Haciendo un guiño al avergonzado Ricky, Karen propuso:

—¿Os parece bien que vayamos a ver el modelo de barco que está haciendo «Farfar»?

—¡Estupendo! —declaró Pete.

También las niñas estaban deseando verlo y todos los Hollister siguieron a Karen al vestíbulo, que llegaba hasta el taller de «Farfar». La muchacha danesa abrió la puerta. Arrimado a una de las paredes laterales había un banco de carpintero y, sobre el tablero, un precioso modelo a escala de un buque.

—Parece de verdad del todo —resolvió Holly asombradísima, mientras entraban.

—Está casi acabado. Sólo le faltan las jarcias —explicó Karen.

Unidos a los tres mástiles del buque en miniatura había vergas y otros complementos hechos a escala precisa.

—Es precioso —declaró Pam—. ¿«Farfar» lo está haciendo para regalárselo a alguno de sus nietos?

—No —contestó Karen—. «Farfar» va a regalarlo a la iglesia.

—¿A la iglesia? —preguntó Pam, asombradísima—. ¡Nunca he visto un barco en una iglesia!

Karen explicó a los Hollister que el diminuto buque sería regalado a la iglesia en memoria de los marineros con quien «Farfar» había navegado años atrás. Pam declaró, encantada:

—Es una costumbre muy bonita. Cuéntanos más sobre ello.

La danesa dijo que, en Dinamarca, aquellos modelos se llamaban «kirkeskibe» y que en otros países del sur de Europa les daban el nombre de modelos de buques votivos. Estaban hechos como ofrenda por los hombres de mar que, en momentos de peligro, prometían hacer un modelo de su barco para la iglesia, si se salvaban.

—Son ofrendas que tienen mucho valor porque están hechos a mano por los donantes —informó «Farmor».

—Estos barcos suelen colgarse del techo de las iglesias —siguió explicando Karen, mientras los niños miraban, fascinados, el brillante casco del buque minúsculo que tenían ante sus ojos.
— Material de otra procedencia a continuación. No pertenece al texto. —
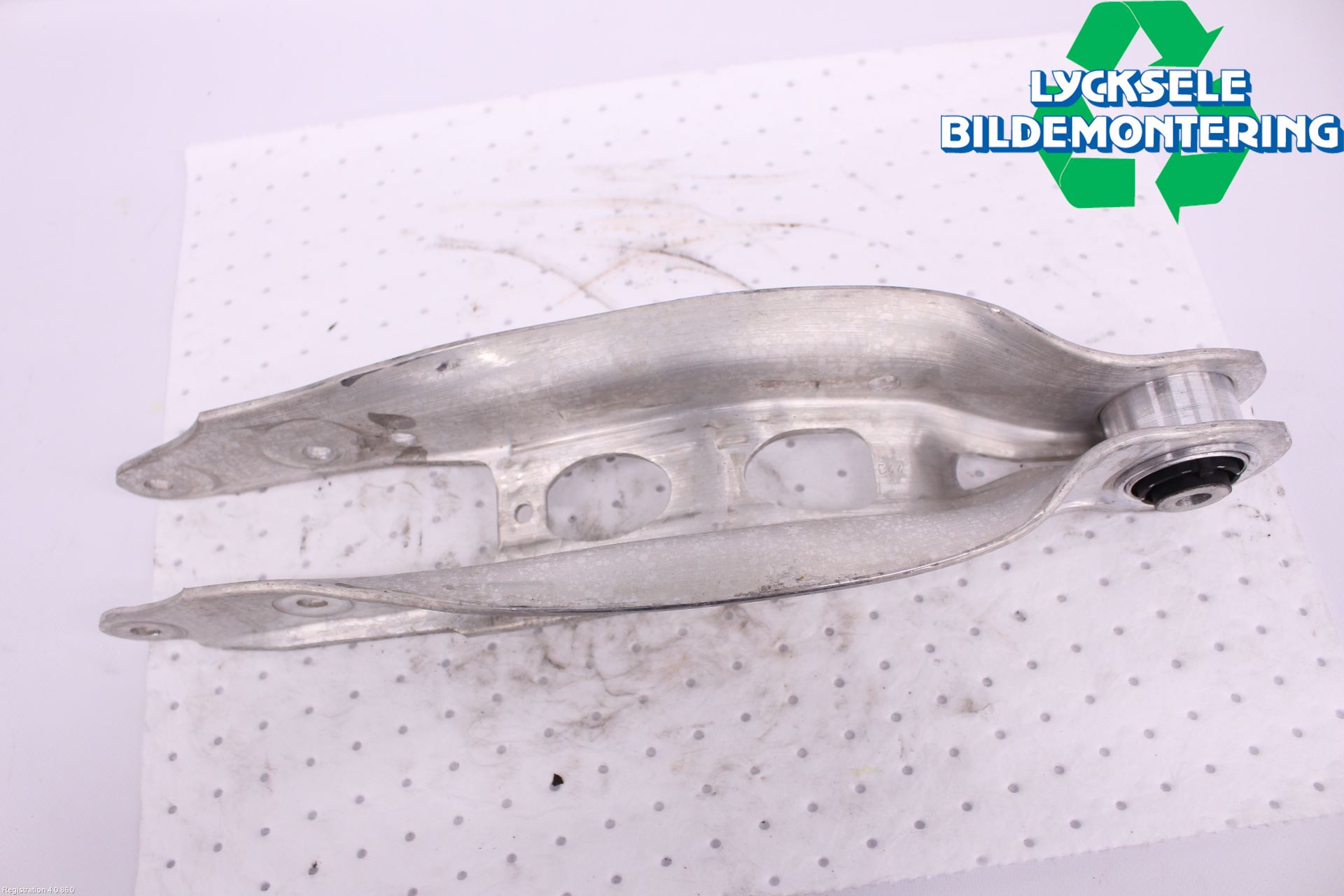 Audi A4/S4 B9 20- Bärarm Bak Höger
—¿Y se quedan allí para siempre? —quiso saber Holly.

Le contestaron que la mayoría de los barquitos eran bajados y revisados con intervalos de pocos años.

—¡Qué sitio tan estupendo para esconder un tesoro! —se le ocurrió decir a Pete, que ya se estaba preguntando si no habría algún tesoro oculto en alguno de aquellos «kirkeskibe» de las iglesias.

—¡Cielo santo! —exclamó Karen riendo—. Hablas igual que un detective, Pete. Y, desde luego, tienes razón.

Karen explicó que, en la bodega de muchos de aquellos barquitos en miniatura, se guardaban los documentos del barco, dando información sobre el donante y la fecha en que lo regalaba a la iglesia. A veces, esos documentos estaban escritos primorosamente a mano, sobre pergamino. Por lo general se guardaban dentro de urnitas metálicas o de cristal.

Sonriendo, Karen prosiguió:

—Mis niños sienten mucho interés por los barcos de las iglesias.

Pam levantó la cabeza, perpleja.

—¿Sus niños? ¿Tiene usted hijos?

La joven rió a carcajadas.

—No, no —repuso—. Me refiero a los niños de mi clase de párvulos. Soy maestra de un parvulario.

Mientras todos se echaban a reír, Karen dijo que su escuela no estaba abierta durante los meses de verano.

—Tengo muchos niños de cuatro años, como Sue.

Al decir aquello, Karen buscó con la mirada a la pequeñita. Sue se había acercado a la ventana y miraba a través de los cristales, con los ojos redondos como platos.

—¡Mirad! —gritó—. ¡Ahí llega el señor Cara-Peluda!